The task: Output the lines of the records from the one containing "a white background." through the last, both ends included. Leave pictures out.
======== Data for analysis
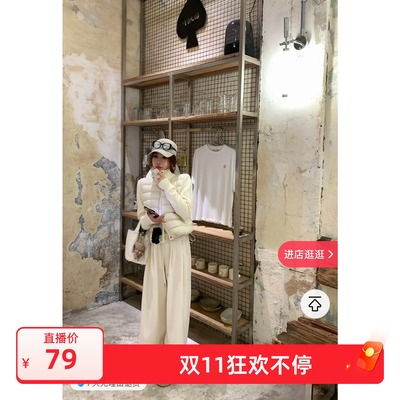 奶杏色小排骨针织袖羽绒服女2025冬季新款洋气温柔风休闲短外套潮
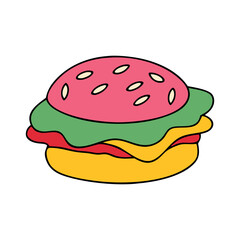 Colorful  cheese and vegetables  hamburger on a white background. 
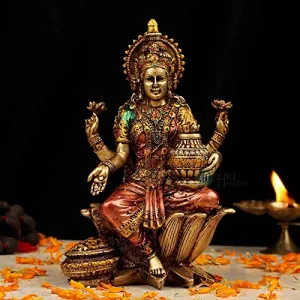 Indicast Cold Cast Resin Laxmi Showpiece for Puja Room and Temple Antique Decor(7 Inches, Metal Finish) Copper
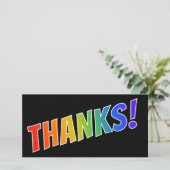 Fun, kleurrijk, regenboogblik "BEDANKT"! Bedankkaart (Staand voorkant)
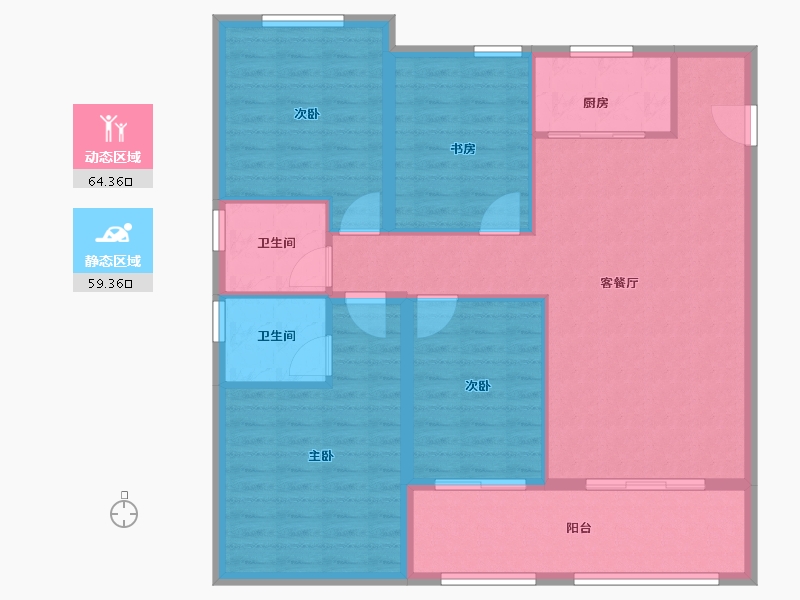 河北省-保定市-荣盛・锦绣书苑-112.80-户型库-动静分区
================
Answer below:
 Colorful  cheese and vegetables  hamburger on a white background. 
 Indicast Cold Cast Resin Laxmi Showpiece for Puja Room and Temple Antique Decor(7 Inches, Metal Finish) Copper
 Fun, kleurrijk, regenboogblik "BEDANKT"! Bedankkaart (Staand voorkant)
 河北省-保定市-荣盛・锦绣书苑-112.80-户型库-动静分区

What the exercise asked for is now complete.